Singen – Welschingen
Distanz: 17,2 km; Aufstiege: 541 m; Abstiege: 464 m

Als ich die Jugendherberge verlasse, empfängt mich ein wunderschöner Wandermorgen: „Blauer Himmel, weiße Wolken und strahlende Sonne“. Noch nicht sehr warm, doch das kann ja noch werden.

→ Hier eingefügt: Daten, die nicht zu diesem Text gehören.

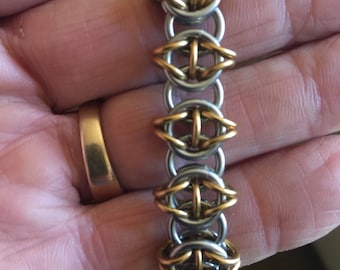 Handmade Chainmaille Celtic Visions Bracelet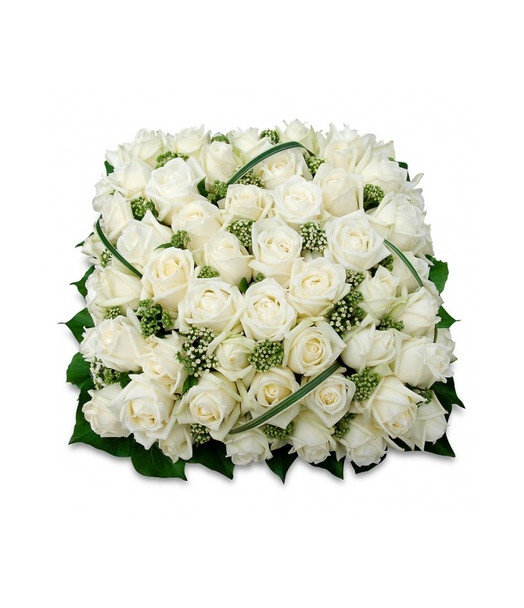 COUSSIN DE FLEURS DEUIL HOMMAGE - ENVOYER DES FLEURS COUSSIN DE FLEURS DEUIL HOMMAGE - ENVOYER DES FLEURS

Zunächst muss ich erst einmal quer durch Singen und dann bewege ich mich auf den Singener Hausberg „Hohentwiel“ mit seiner Burgruine zu. Ich ahne es schon, hier muss ich hoch. Für die Autofahrer steht das Schild „19 %“ Steigung am Straßenrand. Meine Route führt mich vorher davon weg auf einen unbefestigten Weg. Zunächst geht es noch moderat bergauf, doch dann nach einer Kurve beginnt auch hier der Aufstieg über Serpentinen. Glücklicherweise muss ich nicht ganz bis zur Burgruine hoch. Der Anstieg endet bei einem Bauerhof und führt um den Berg herum auf die andere Seite. Hier habe ich jetzt einen herrlichen Blick in die weite Ebene.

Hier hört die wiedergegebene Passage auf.